The space complexity is not O(log n) as BFS traverses the tree level by level, and not store elements by node's path like DFS At one time, max queue size (space needed) will be the max width of the tree, that is O(n/2 + 1) indicating last level of complete binary tree, which is simplified to O(n)
@@kevinjmathews2964 leetcode runtime is biased so I wouldn't be too reliant on it - as long as you can explain your solution in great detail with runtime you should be fine
Key is once you find a null node , you mustn't get any other non null node from the tree..if there is the return false.
Beautiful solution, I write 1 page long of code for this problem ...
Very clear:) even for someone with very little dsa experience, thanks!
You make it very easy to understand. So, when I am stuck on a problem. I go to your channel
Still making great videos, keep up the great work. I like that I can pretty much solve it just from your explanation before you even show the code.
My solution was similar in principle but a lot longer. Thanks for sharing this, very succinct!
What does he use for drawing? How do you draw in the same page as the question? Do you use an iPad to draw and write?
I think he uses paint, he must have taken a screen grab of the problem and paste it on the canvas
very needed. thank you!
Amazing explanation 👍
This is such a great solution
Thanks for the video
so brilliant... I just came out with some bad methods and messy code
dhanyavad ji 🟠⚪🟢
that was beautiful
super smarrt!
Could someone help me understand why the space complexity not O(log n) which is the height of the three?

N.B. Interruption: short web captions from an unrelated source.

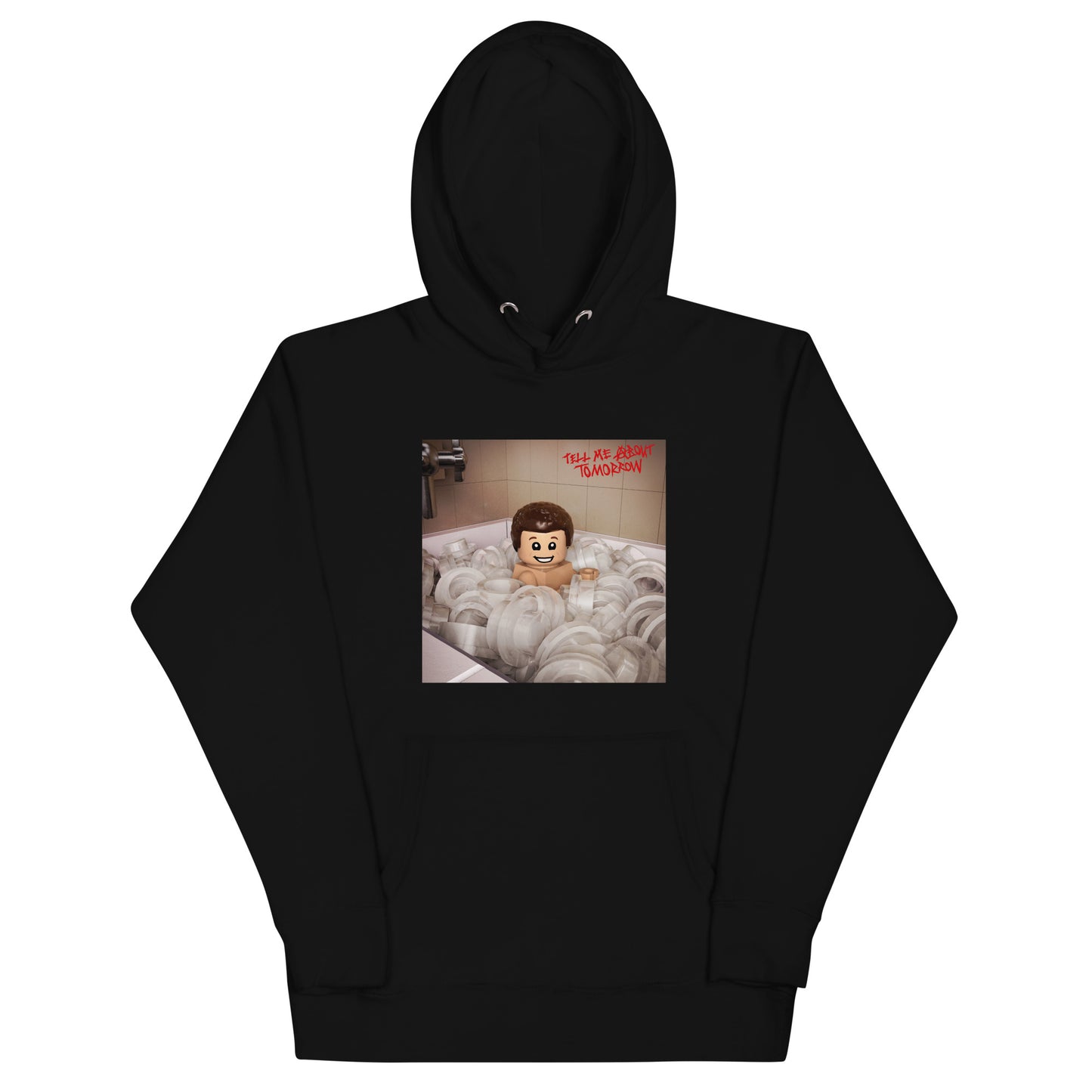 "Jxdn - Tell Me About Tomorrow" Lego Parody Hoodie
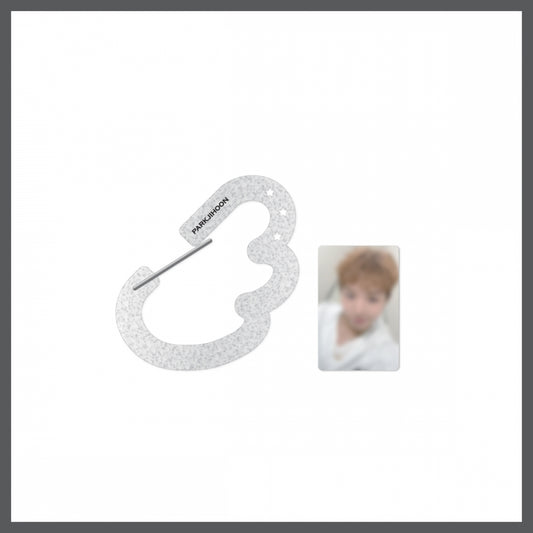[PREORDER] PARK JIHOON 2026 FANCON [RE:FLECT] MD ACRYLIC CARABINER KEYRING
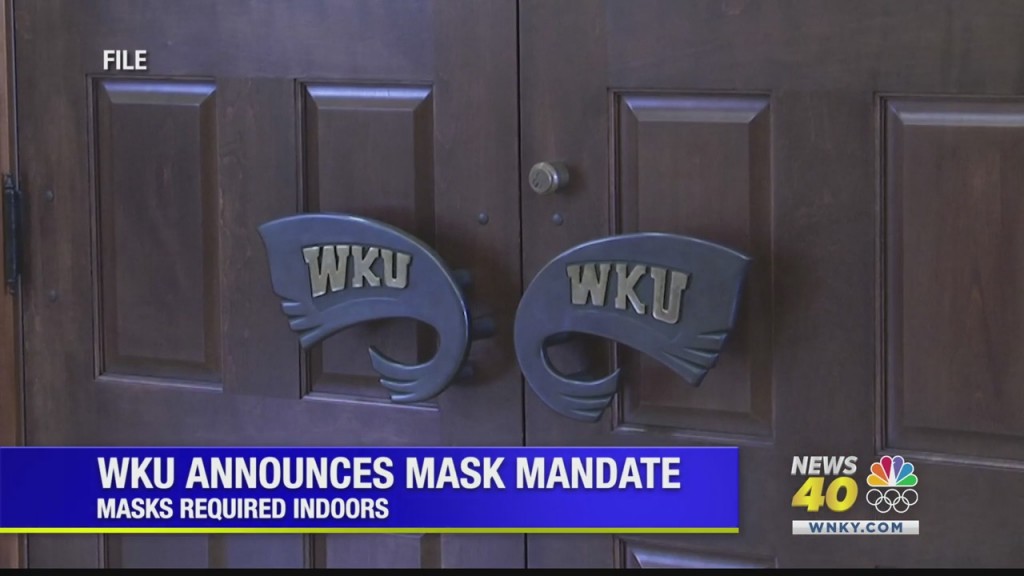 Wku Mask News 080421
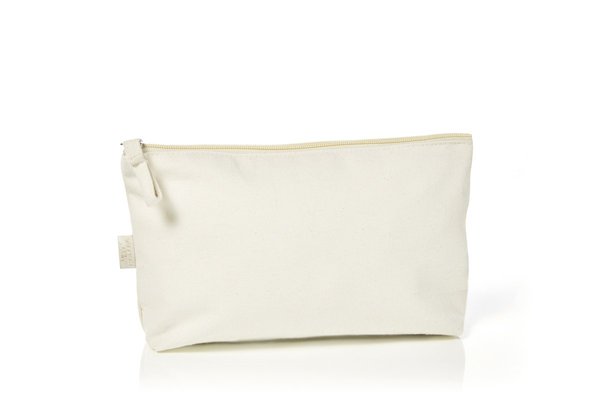 Halfar Bio-Baumwoll-Zipper Bag Organic M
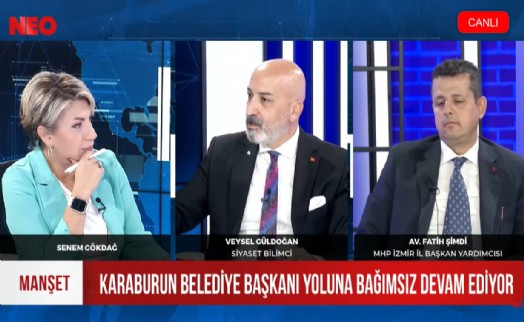 NEO Haber Manşet'te gündem AK Parti'ye geçecek belediyeler ve Karabağlar!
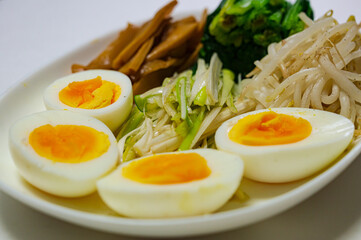 拉麺の具材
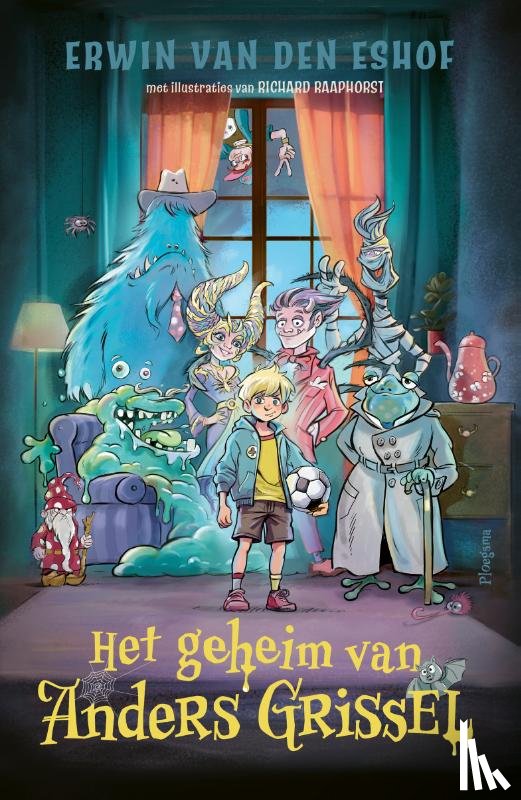 Eshof, Erwin van den - Het geheim van Anders Grissel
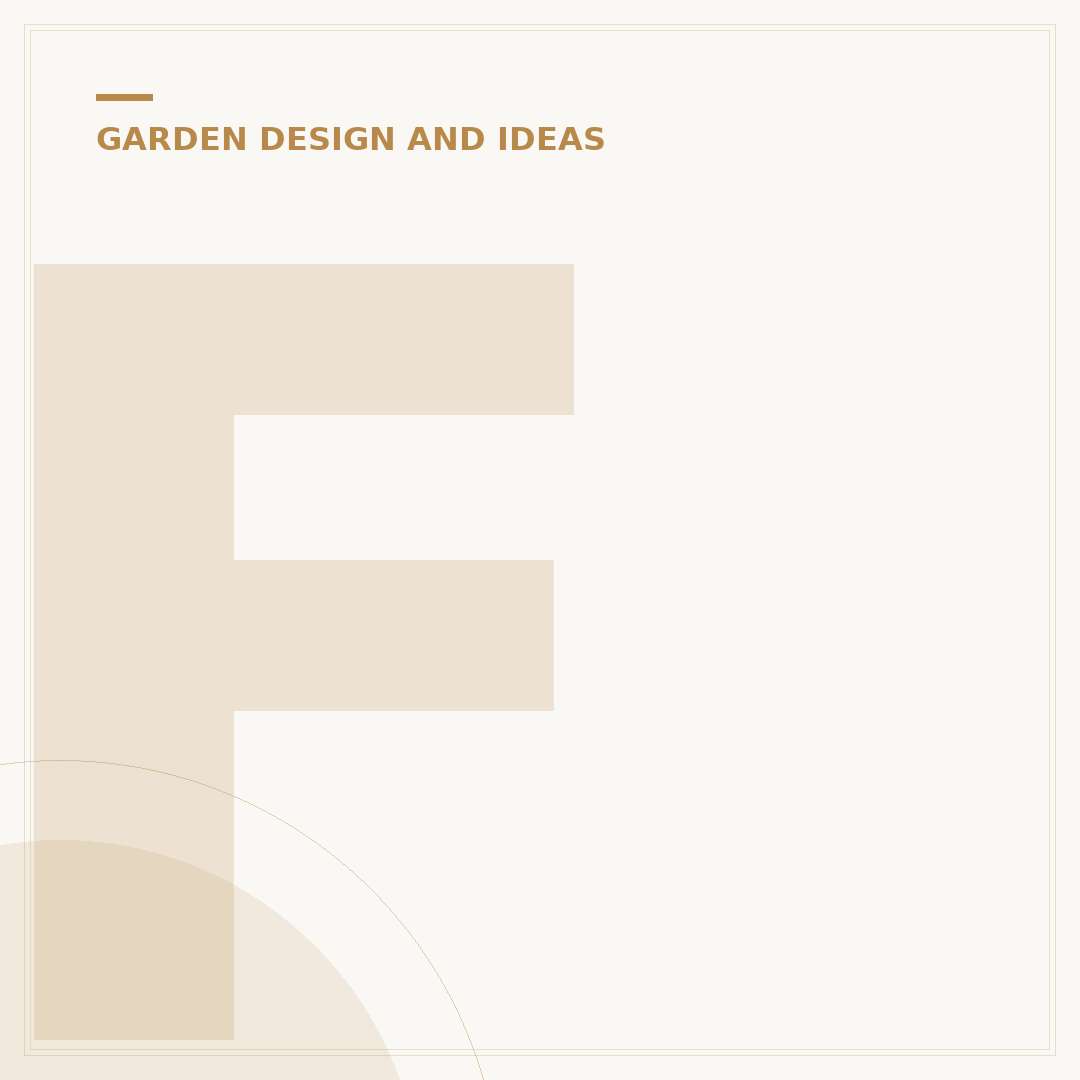 Front Garden Border Ideas for Curb Appeal
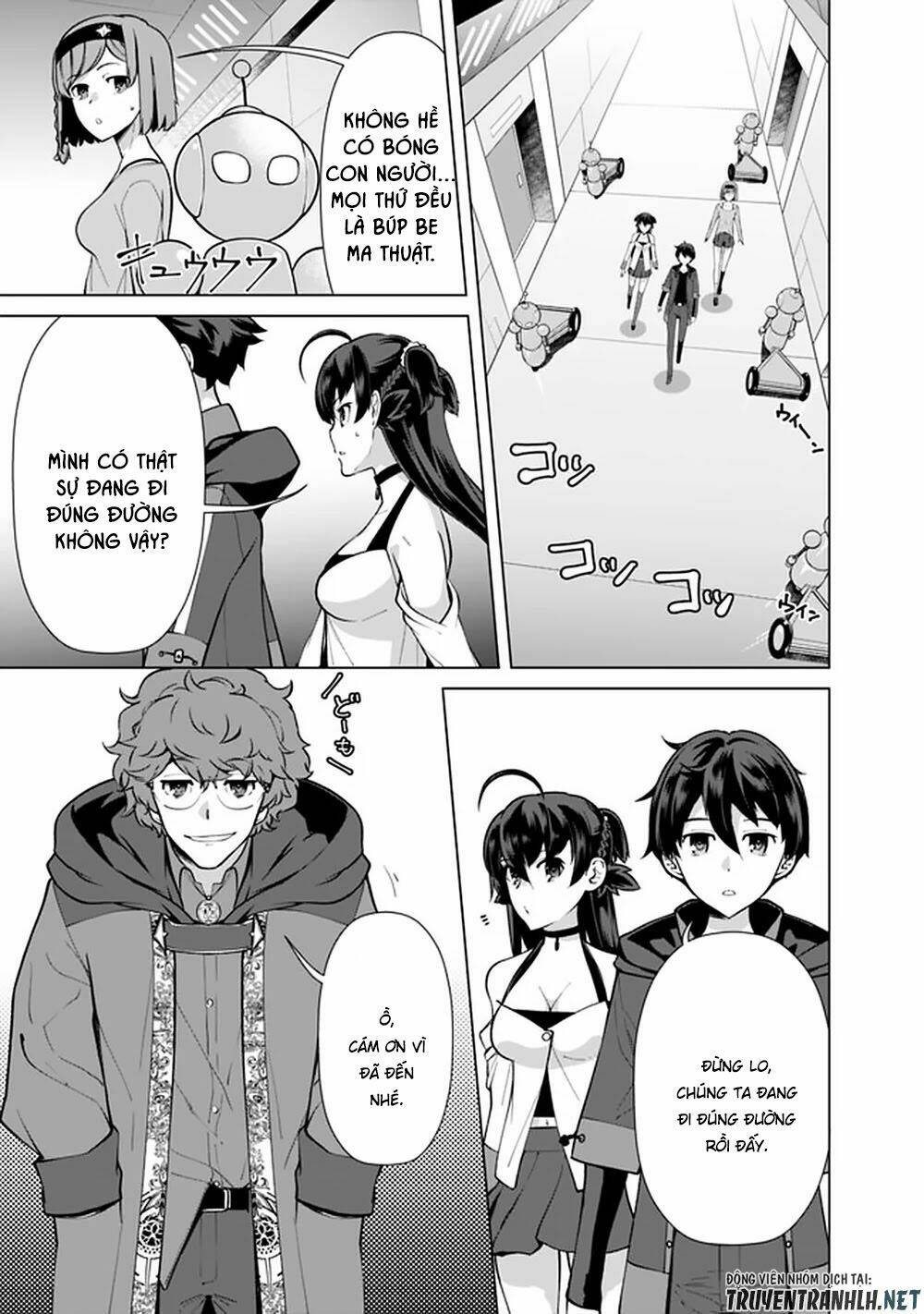 The Reincarnation Magician Of The Inferior Eyes Chapter 50 - Trang 2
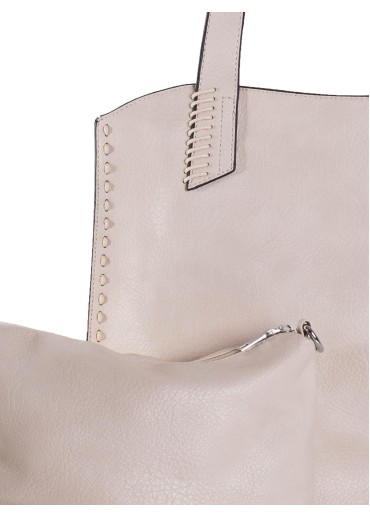 Béžovo hnedá kabelka na rameno
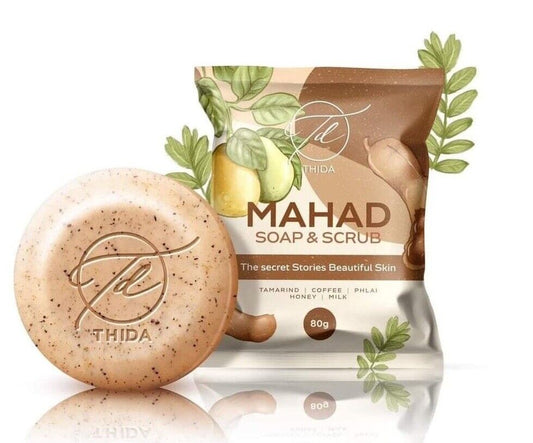3X Mahad Face Body Soap Exfoliating Skin Nourish white exfoliate dull dark spots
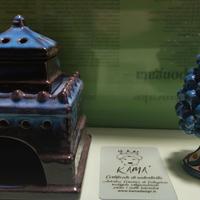 lotto di due ceramiche artigianali 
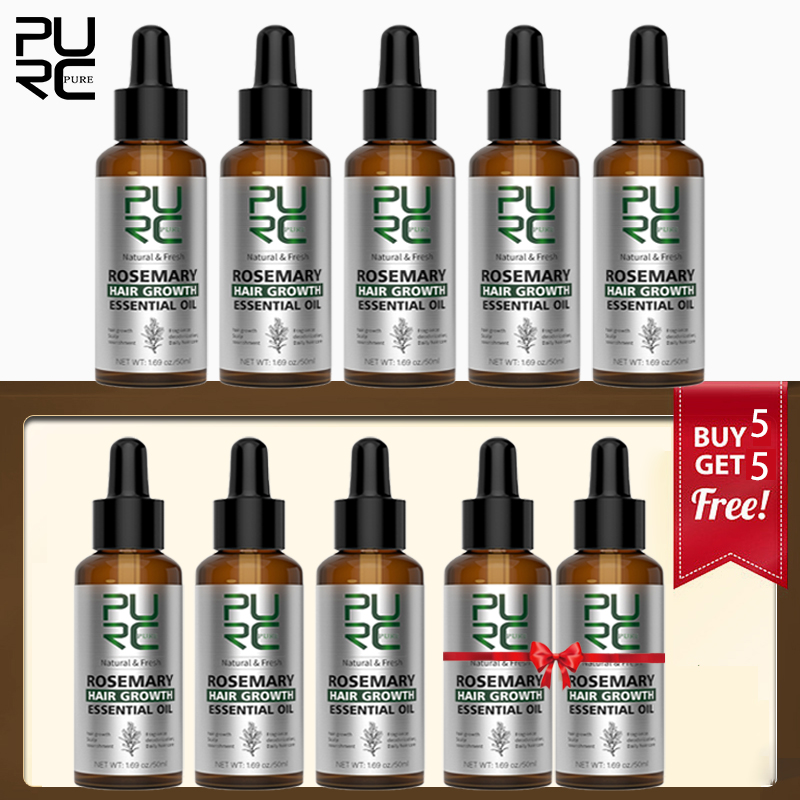 PURC Rosemary Oil For Hair Gro - Hair Care Essence Oil のレビューと価格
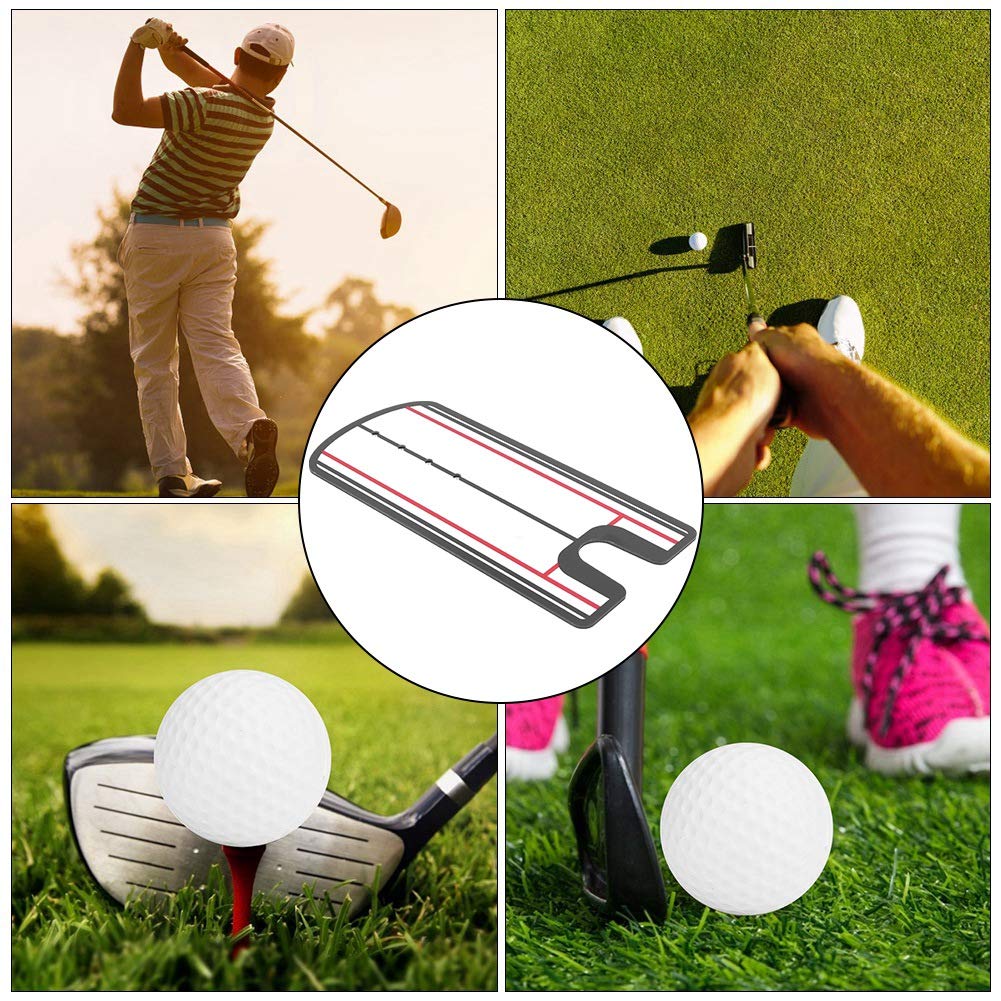 Putting Mirror, Putting Training Putter Alignment Mirror, Corrective Practice Accessories Tool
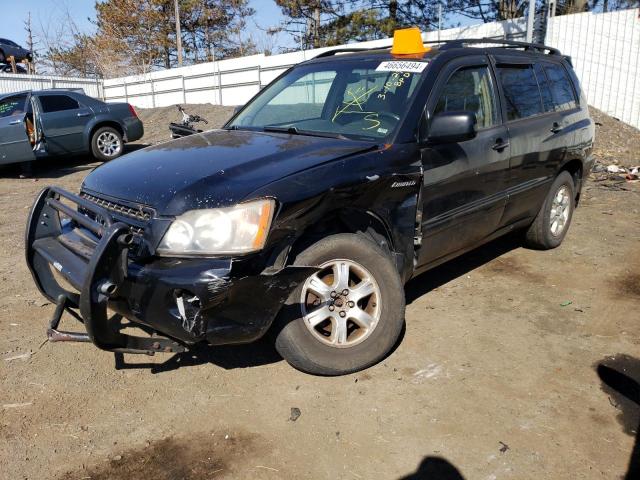 TOYOTA HIGHLANDER 2001 jtehf21a510030449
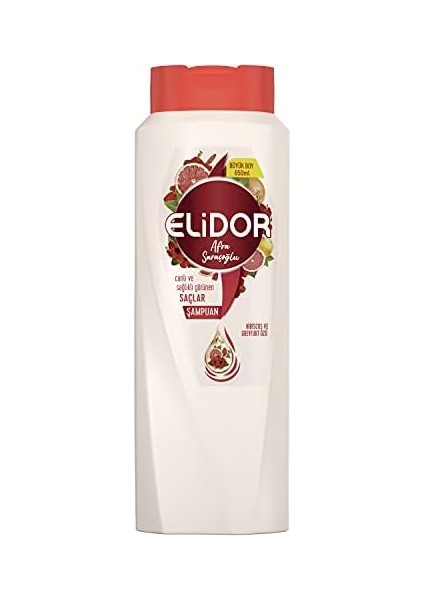 Elidor Saç Bakım Şampuanı Canlı ve Sağlıklı Görünen Saçlar By Afra Saraçoğlu 650 ml fiyatları
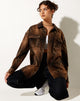 Immagine di Medita Shirt in Check Brown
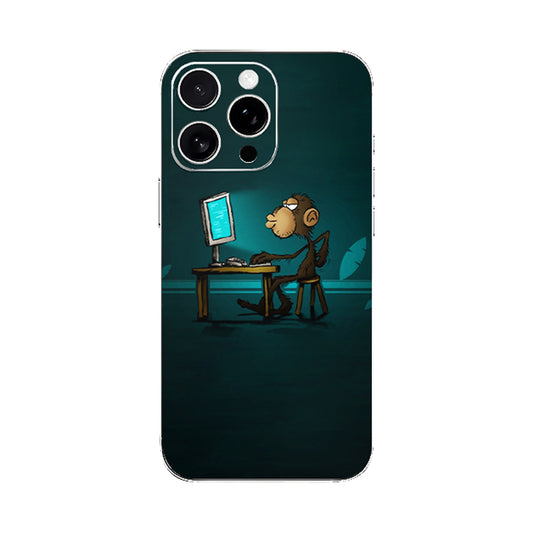 Tech Monkey Mobile Phone Skin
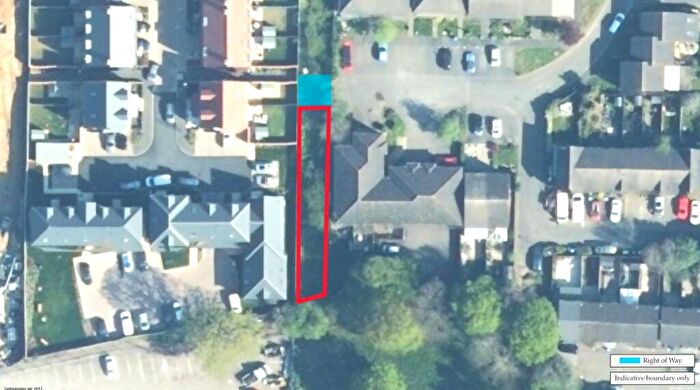 Land For Sale In Land Adjacent To, Alison Court, Hemel Hempstead, Hertfordshire, HP2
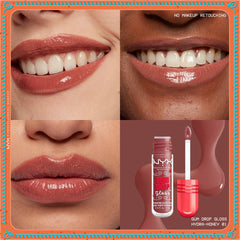 NYX Holiday Gum Drop Hydrating Gloss Serum Lip Gloss - XOXO cosmetics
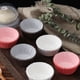 thumbnail image 5 of 100 moldes para cupcakes, moldes redondos para hornear pasteles, moldes para muffins, para fiestas en casa, color rosa, 5 of 5
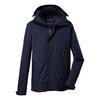 KILLTEC Xenios Funktionsjacke Herren - Marine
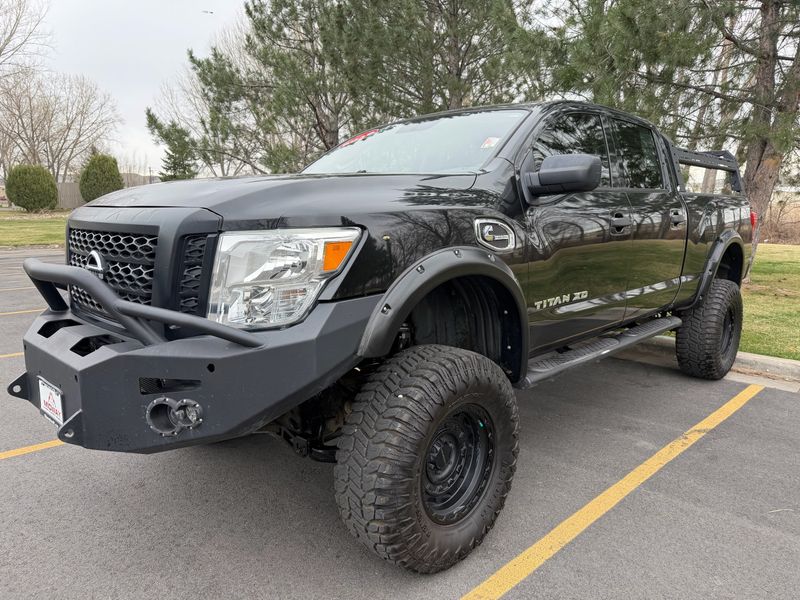 2016 Nissan Titan XD S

The space complexity is not O(log n) as BFS traverses the tree level by level, and not store elements by node's path like DFS
At one time, max queue size (space needed) will be the max width of the tree, that is O(n/2 + 1) indicating last level of complete binary tree, which is simplified to O(n)
Amazing explanation..._/\_
C++ implementation
bool isCompleteTree(TreeNode* root) {
bool flag = false;
queue q;
q.push(root);
while (!q.empty()) {
int n = q.size();
for (int i = 0; i < n; i++) {
TreeNode* node = q.front();
q.pop();
if (!node) {
flag = true;
} else {
if (flag) {
return false;
}
q.push(node->left);
q.push(node->right);
}
}
}
return true;
}
You dont need inner for loop for this use case.